• [ASSIGNED TASK]: Return the lines of the data below in which the string "بشرط" occurs.

• [RECORDS TO PROCESS]:
>>>

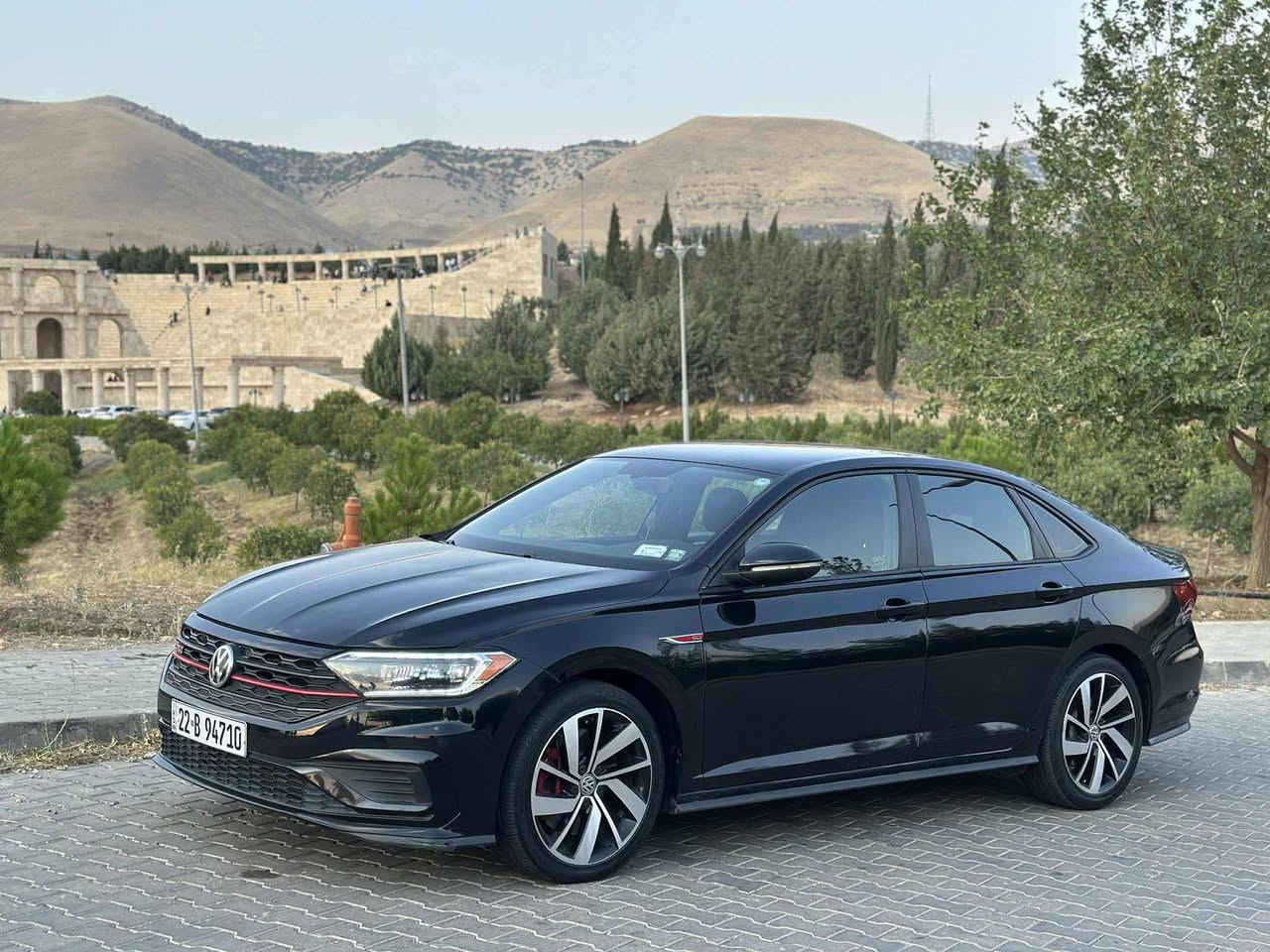 جيتا gli 35 موديل 2021
ممشي 54 الف مايل 

مواصفات 35 يعني 
1_ بصمة 
2_ كشنات سپورت و هيتر
3 - شاشه و كاميرا و أپل كار پله ي
4 - لايت دبل عدسة 
5- رادار أمامي و خلفي و جانبي
6 - كير سپورت و شفتات ستيرن
7 - تحكم ستيرن كامل ستيرن GLI
8- تبريد لمس 
9- مودات قيادة علي شاشة منها سپورت و أيكو و كومفورت 
10- بريك لمس 
11- تراكشن عادي  و سپورت بلس 
12- جامات كهربائية
13 - دشبول LED 12 ألوان 
14-لانج كونترول بلادي - باقي مواصفات معروفة ) 

السيارة حادثها خفيف دواخل ماكو و أيرباكات سليمة بلادي بشرط 
صفحة سايق قطعتين كلير أمريكا و قطعتين صبغ و روبع بنيت صبغ  

الكير و المحرك و كهربائيات و رادارات و حجر بيئة كلها بشرط 🌺

مكان سياره حاليا بغداد
للاستفسار 
***********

<<<

• [ANSWER SPACE]:
السيارة حادثها خفيف دواخل ماكو و أيرباكات سليمة بلادي بشرط 
الكير و المحرك و كهربائيات و رادارات و حجر بيئة كلها بشرط 🌺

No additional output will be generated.